* [REQUIRED WORK]: Repeat only the lines between the one with "A screenshot taken in Dreams. 13 of 17." and the end of the material below, both ends included. Omit any picture.
(Beginning of SOURCE DATA)
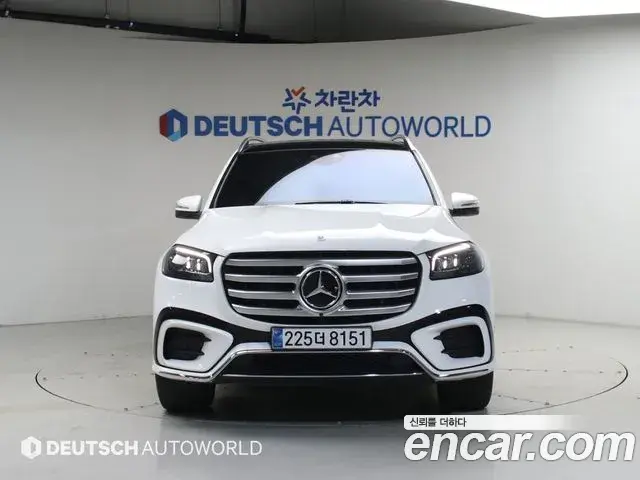 Mercedes-Benz GLS-Class 2025 — Photo 20/20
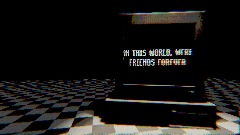 A screenshot taken in Dreams. 13 of 17.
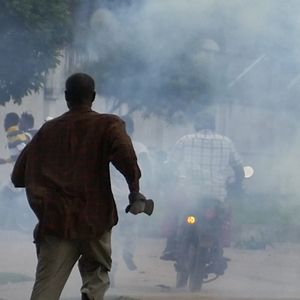 Foto Kinshasa Makambo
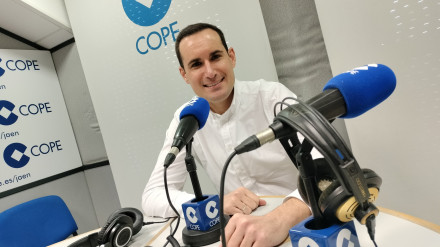 Latorre en COPE Jaén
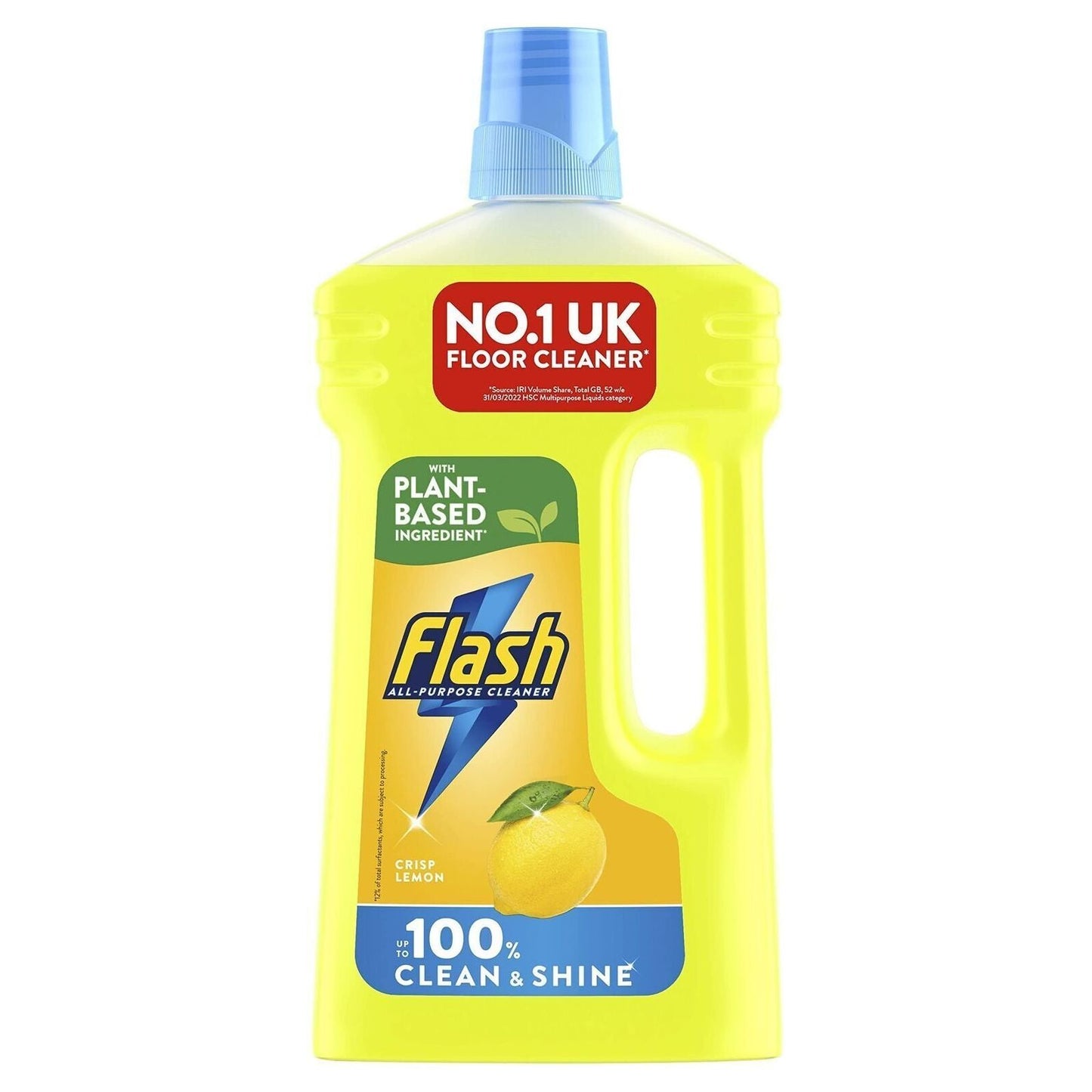 Flash Clean & Shine All Purpose Cleaner Lemon 1 L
(End of SOURCE DATA)
* [RESULT OF THIS EXERCISE]:
 A screenshot taken in Dreams. 13 of 17.
 Foto Kinshasa Makambo
 Latorre en COPE Jaén
 Flash Clean & Shine All Purpose Cleaner Lemon 1 L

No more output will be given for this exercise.